Author: Consortium for Street Children
Date: Friday, July 08, 2011
File Size: 3.9 MB
This State of the World’s Street Children: Research report presents a unique Literature Review of international research studies about street children published during the decade from 2000 to 2010. Studies have been collected and ‘mapped’ into 12 thematic sections, drawing on more than 400 papers, chapters and books published around the world in the English language. Studies consulted were primarily academic, supplemented with key texts from the development literature on street children. Gaps between and within thematic sections have been identified and analyzed.
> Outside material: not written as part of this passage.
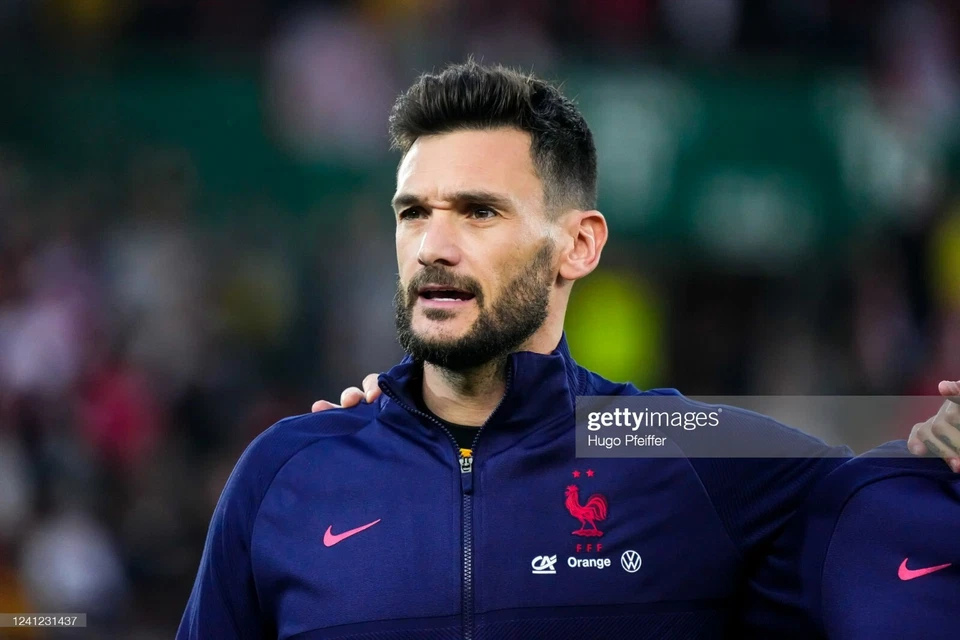 Lot de Mini Patch Survêtement Equipe de France Flocage Sponsor Mbappe Benzema - Photo 3/3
The report’s dual purpose is:
to improve understanding of street children by identifying recent advances in an academic scholarship which began in the 1970s
to identify priority areas for academic research on street children, in order to build a stronger strategic base for the development of advocacy, policy and programme design initiatives.
This report divides into four parts and a total of 12 sections, which reflect the most interesting advances in the academic research over the last 10 years:
1. Understanding Street Children: Old Myths and New Realities Numbers, Definitions, Characteristics and Voices from the Streets
2. Street Children and Everyday Lives – The Wider Picture Relationships, Migration and Mobility, Experiences on the Streets and Ageing into Youth
3. Policies and Interventions for Street Children
4. Street Children’s Rights, Laws, Budgets and Funding.
The report’s findings are summarised at the end of each part and drawn together here in the form of 12 key findings: Four Research Advances, Four Research Gaps and Four Points for Advocacy:
Street children are recognized to be young people who experience a combination of multiple deprivations and ‘street-connectedness’. This combination requires a specific focus on street children within wider policy agendas and interventions, to restore access to their legal human rights.
Longitudinal, repeat and comparative studies are recognized as vital for developing our understanding of street children’s careers within society, for assessing policy and programme impacts and for designing preventive strategies.
Top Four Gaps in Street Children Research
Academic and development studies are conducted and used in isolation from each other. This means that academic advances rarely inform development practice and vice versa.
Academic understanding about street children is fragmented into small islands of research within separate disciplines. This means research in law, economics or public policy on street children rarely informs or is informed by sociological, anthropological or geographical research.
Research into street children is not systemic, so street children’s experiences are disassociated from the laws, policies, interventions and environments that affect them. Research must explore links between children’s environments and strive to understand their interconnected nature.
No motor exists for building a body of research on street children – a collective entity is needed to drive forward concerted knowledge development within academia and development practice to improve prevention and inclusion.
Top Four Findings for Advocacy
Street children must be distinguished – but not isolated – from other children in policy frameworks and intervention design, to respond to the nature of their multiple deprivations and to their street-connectedness.
Transparency of information about budget allocations, child protection systems and evaluation of their impacts on children is needed to identify missing links between laws, policies, interventions and children’s realities and at preventive level for effective protection of rights.
Local level policies and interventions involving NGOs and local authorities must be supported by effective national laws and budgets to prevent and protect street children successfully.
Investment in research is needed to develop and consolidate a strategic knowledge base capable of informing laws, policies and interventions to respond to street-connected children and youth and to protect young people from multiple deprivations.